Inês Teotónio Pereira , ionline  29 Set 2012
A idade, a experiência e o saber contam tanto na educação como um zero à esquerda


Uma das coisas mais importantes que aprendi nesta estonteante aventura maternal é que não se aprende a educar. Educar é uma daquelas coisas que se sabe fazer ou não se sabe. Por mais filhos que se tenha e por mais anos que passem, os erros repetem-se, aprofundam-se mesmo, e as asneiras multiplicam-se de forma exponencial. Ao contrário do que acontece com a matemática, na educação não se aprende com os erros. Se erramos uma vez, isso quer dizer que vamos errar muito mais vezes. É só uma questão de tempo e oportunidade.

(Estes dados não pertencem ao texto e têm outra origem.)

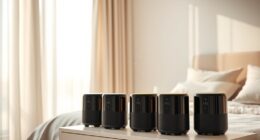 top dust filtering bedroom purifiers
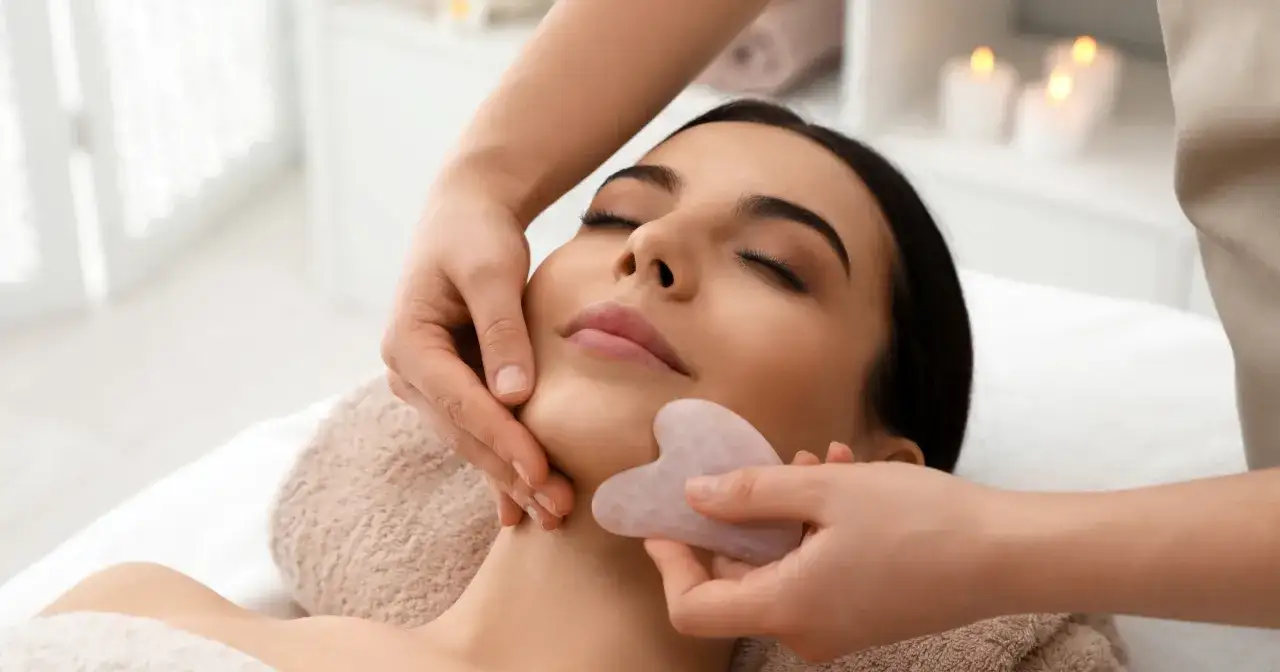 przeciwwskazania do masażu twarzy, skóra problematyczna masaż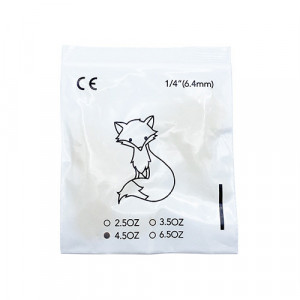 Elastice intraorale latex 4.5oz heavy 1 4 6.4mm 80buc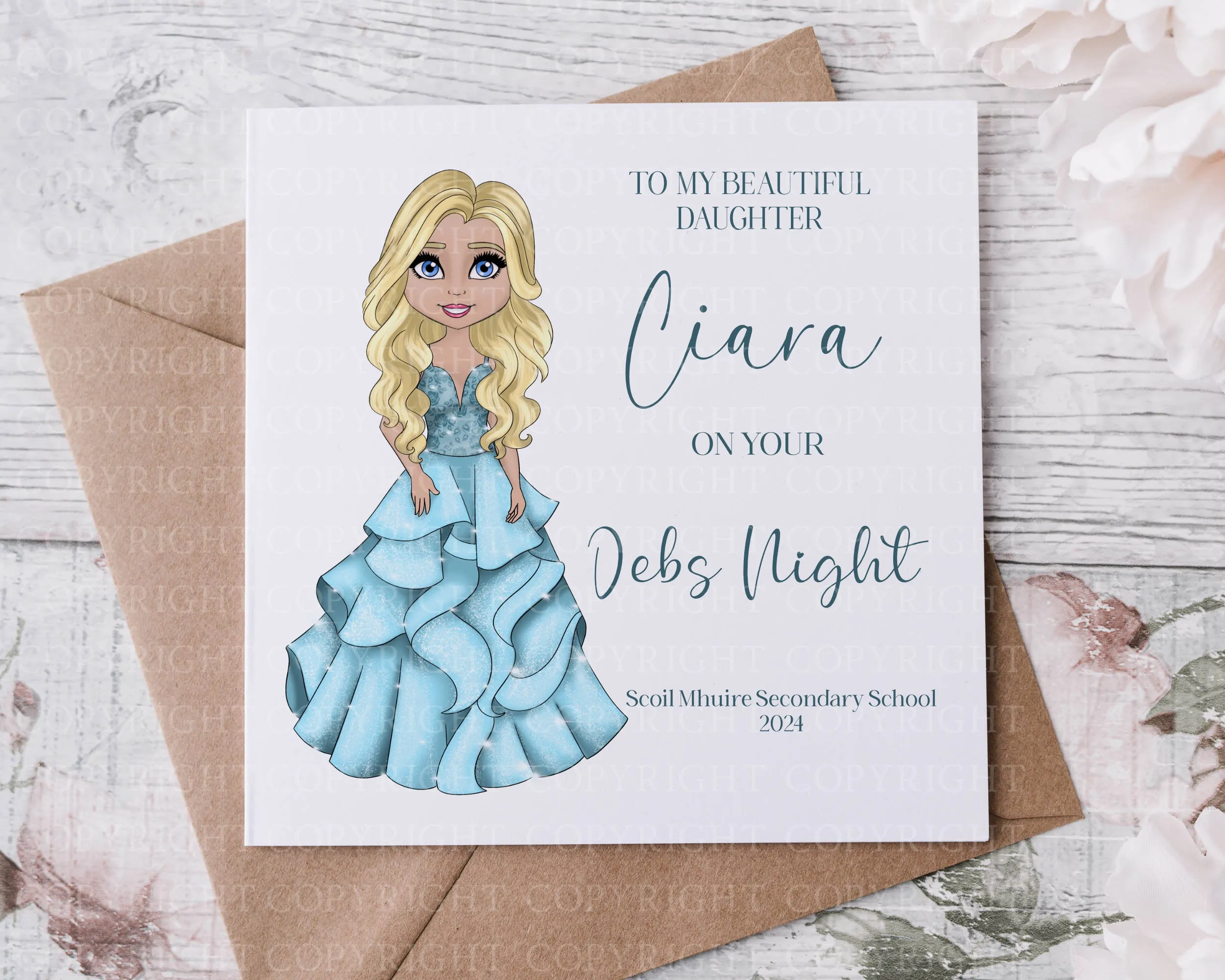 Debs Card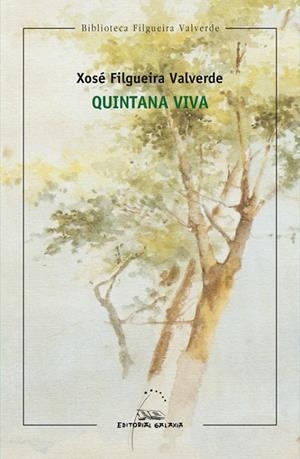 Quintana viva | 9788498655957 | Filgueira Valverde, Xosé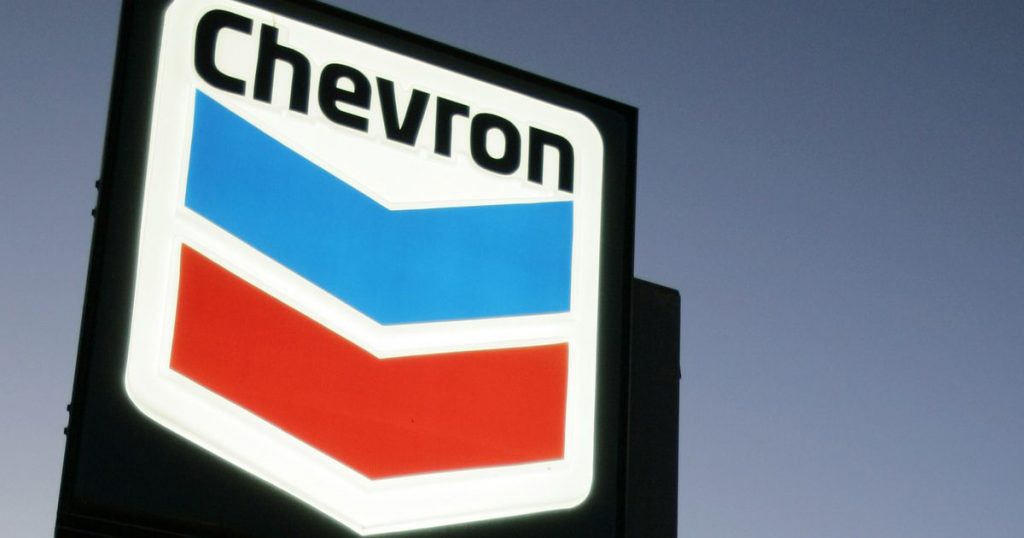 Chevron will sell California headquarters and move jobs to Texas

Isto da educação, ou se tem ou se nasce com jeito, assim como se nasce com jeito para a música ou para o futebol, ou não se nasce com jeito para educar. A experiência ou os livros na educação não servem para nada, da mesma forma que uma pessoa que tenha um ouvido duro para a música não aprende a tocar piano por ter seis pianos em casa ou por ter um piano há vários anos. Ou tem ouvido ou não tem.
Por exemplo, eu. Ora, eu, apesar de ter alguns filhos, continuo na mesma. Não melhorei nem um bocadinho (e também não sei tocar piano). Os anos passam e eu continuo a gritar com as crianças, a dizer que sim quando estou bem-disposta e não quando não estou, a dar-lhes palmadas com a intensidade correspondente ao meu estado de espírito e não conforme a gravidade da infracção, a perder a cabeça cada vez que estou perante um qualquer trabalho de casa, etc., etc., etc. Não tenho remédio. Podia ter 20 filhos que o desgraçado do vigésimo iria sofrer tanto quanto o primeiro. A idade, a experiência e o saber contam tanto na educação como um zero à esquerda. O que conta, meus senhores, é a chamada queda para educar: há quem tenha queda e há quem não saiba cair.

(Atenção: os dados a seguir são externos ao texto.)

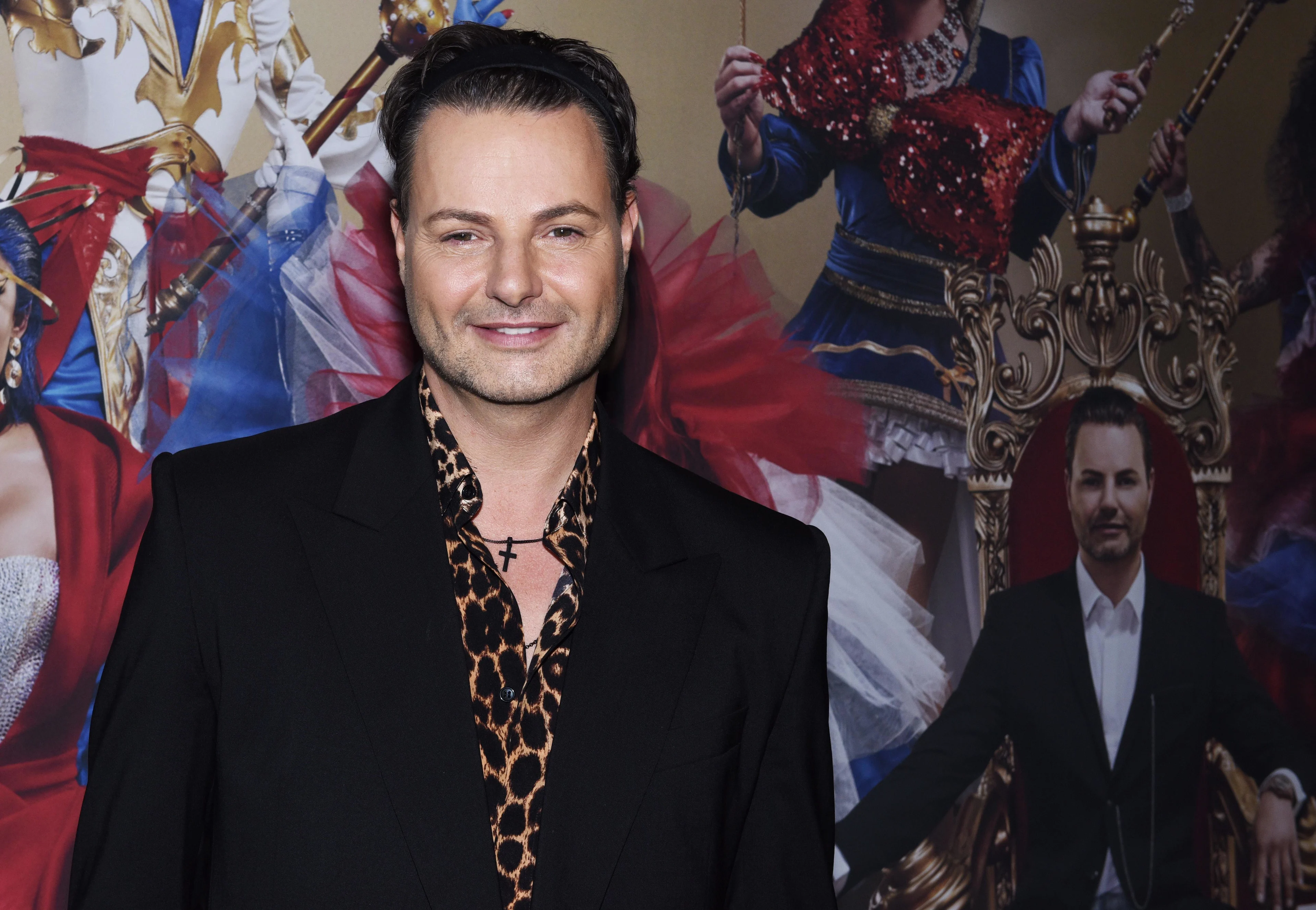 Fred van Leer (44) naar ziekenhuis gebracht, toestand onbekend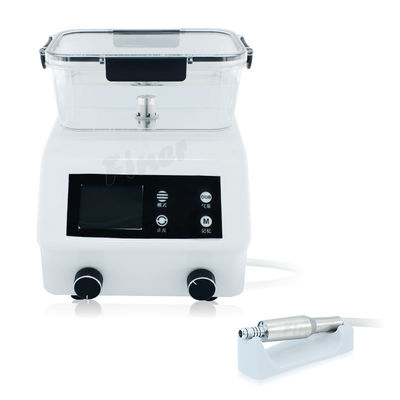 LED dentario multiuso Micromotor elettrico con il pedale indipendente del piede del rifornimento idrico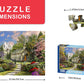 Springbok'S 500 Piece Jigsaw Puzzle Mountain View Chapel - Made In Usa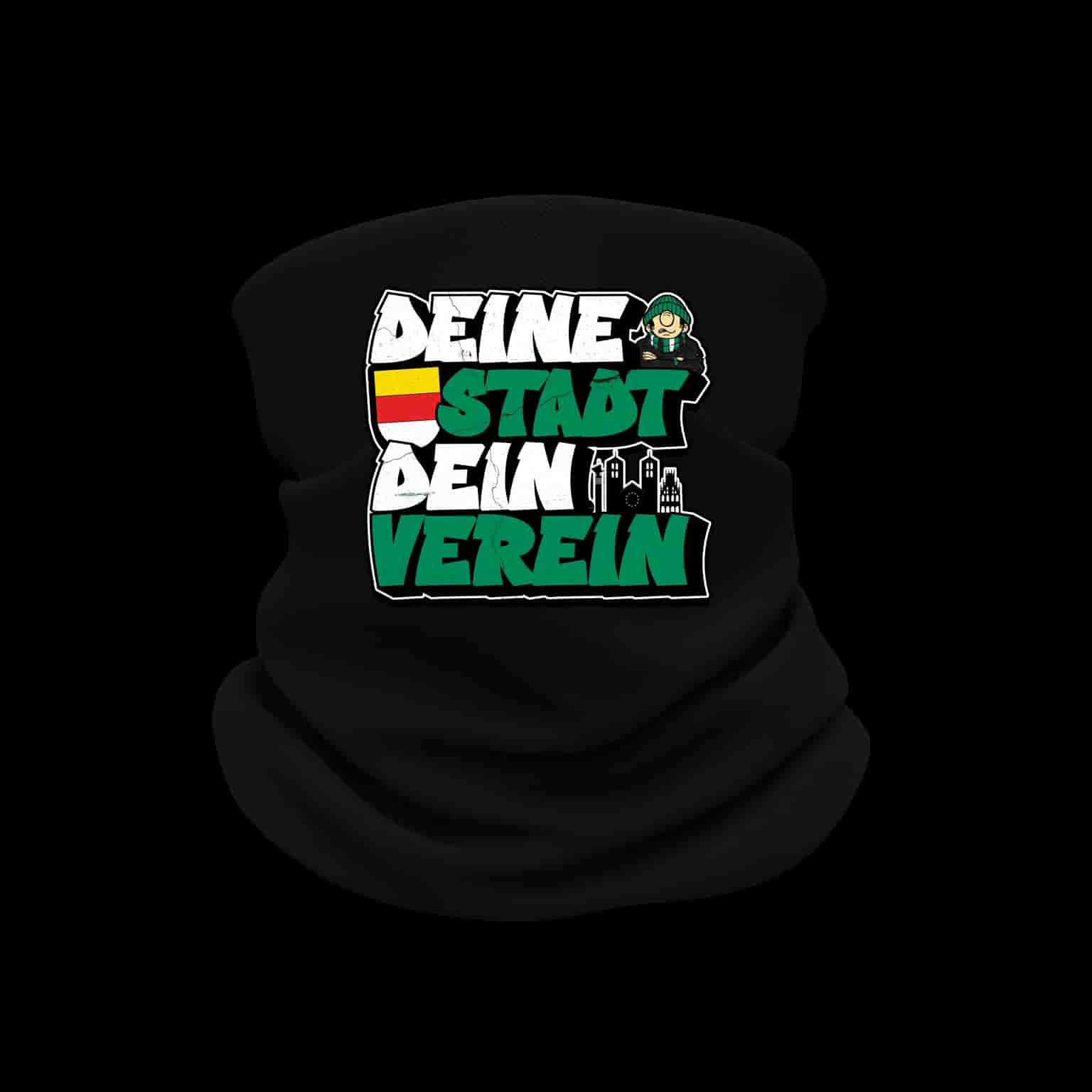 Deine stadt dein verein Halswärmer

E o pior, o que torna a coisa ainda mais deprimente, é que quando percebemos que pertencemos ao grupo dos educadores indigentes, desistimos e deixamos de nos esforçar. Tomamos consciência da nossa enorme incompetência e assumimo-la com a displicência do tipo juvenil: “Olha, eu sou assim, quem gosta, gosta, e quem não gosta, azar.” E voltamos, alegre e despreocupadamente, à gritaria matinal.
Por exemplo, eu. Eu agora já não perco muito tempo antes de começar a gritar, já não faço cerimónia. À mínima contrariedade, grito e acabo logo com o suspense. Meias sujas no chão: já não peço para as arrumarem, grito logo. Já desisti de, vá, contrariar a minha natureza. Rendi-me à minha incompetência.
Dantes, ainda me esforçava para seguir o exemplo daquelas mães calmas e serenas, compreensivas e silenciosas, delicadas e bondosas que nunca se alteram, que têm sempre um sorriso maternal e um tom de voz civilizado. Mães a sério (tipo a minha).
Ora, está visto que ninguém aprende a ser mãe assim. Não há forma natural (os ansiolíticos não valem) de aprender a ser como a mãe dos Cinco, que em 21 livros nunca levantou a voz nem pôs as crianças de castigo, nem mesmo quando elas foram sozinhas para uma ilha atrás de uns contrabandistas sem pedirem autorização. Não se aprende a ser do tipo de mães que não se angustiam e que, nas situações extremas – do tipo lutas entre irmãos em que chovem cadeiras e candeeiros –, se limitam a ficar tristes em vez de correrem a criançada de castigo.
Teoricamente, todos sabemos como se educa; na prática, fazemos tudo ao contrário. Só quem nasceu com a dita queda é que se safa. Os filhos, esses, sobrevivem a tudo: melhor ou pior educados, todos eles irão herdar a dívida nacional.